5. Use of sedative: if the sedative is prescribed to reduce patient's apprehension, reduce anesthetic doses.

6. Use local anesthetic with caution in an area involving inflammation or sepsis

7. After injection, patients should be warned of the possibility of biting trauma to the tongue and cheek during the loss of sensation.

Adverse reactions following the administration of local anesthetics often involved the central nervous system and the cardiovascular system

  • Dose-related - excessive dosage results in high blood level
  • Rapid absorption
  • Unintended intravascular injection, the incidence can be reduced by performing aspiration before each injection
  • Hypersensitivity to one of the ingredients
  • Patients have little tolerance 
  • Technique used by the dentists
  • Physical condition of the patients
  •  Injury to the nerve during the injection
  • Central Nervous System
    • Excitation 
    • Depression
    • Nervousness
    • Dizziness
    • Blurred or double vision
    • Tremors
    • Vomiting, 
    • Twitching
    • Drowsiness
    • Convulsions
    • Confusion
    • Unconsciousness
    • Respiratory depression
    • Cardiac arrest

  • Cardiovascular System:
    • Hypotension
    • Bradycardia
    • Cardiac arrest 
    • Sweating
    • Fainted feeling
    • Pulse changes
    • Cerebral hypoxia
    • Seizure.

  • Allergic reaction - characterized by anaphylactic reaction, urticaria, edema, cutaneous lesion

  • Paresthesia, a result of nerve injury
Drug interactions
Avoid administering local anesthetic (with or without epinephrine) to patients taking:
  • Monoamine oxidase inhibitors
  • Tricyclic anti-depressants
  • Phenothiazines
These types of drugs may cause severe and persistent hypertension or cerebrovascular accident.

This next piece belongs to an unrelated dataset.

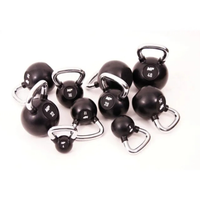 Rubber chrome kettlebells zwart in home gym alle gewichten creatief foto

Prevention is the best management of anesthetic emergencies:

Careful monitoring of respiratory and cardiovascular vital signs and the patient's state of consciousness following each injection.  At the first sign of change, administer oxygen. Endotracheal intubation may be necessary to maintain a patient airway.

Convulsion management consists of maintaining patient's airway, deliver oxygen by mask. 
The clinicians should be familiar with these anticonvulsant drugs before using local anesthetics. Supportive treatment of circulatory depression may require administration of intravenous fluids and, when appropriate, a vasopressor (e.g., Ephedrine).

Cardiovascular depression -  management consists of changing the patient's position in the recumbent position and ventilate with oxygen. The patient may be required an intravenous fluid and, when appropriate, a vasoactive drugs (e.g., Ephedrine or Methoxamine), administered intravenously.

Both convulsion and cardiovascular depression, if not treated immediately or correctly, can cause acidosis, hypoxia, bradycardia, arrhythmia, and cardiac arrest. If cardiac arrest occurs, initiates cardiopulmonary resuscitation.

If Methemoglobinemia occurs (the appearance of cyanosis 2-4 hours following anesthetic injection), administers Methylene blue to reverse the condition.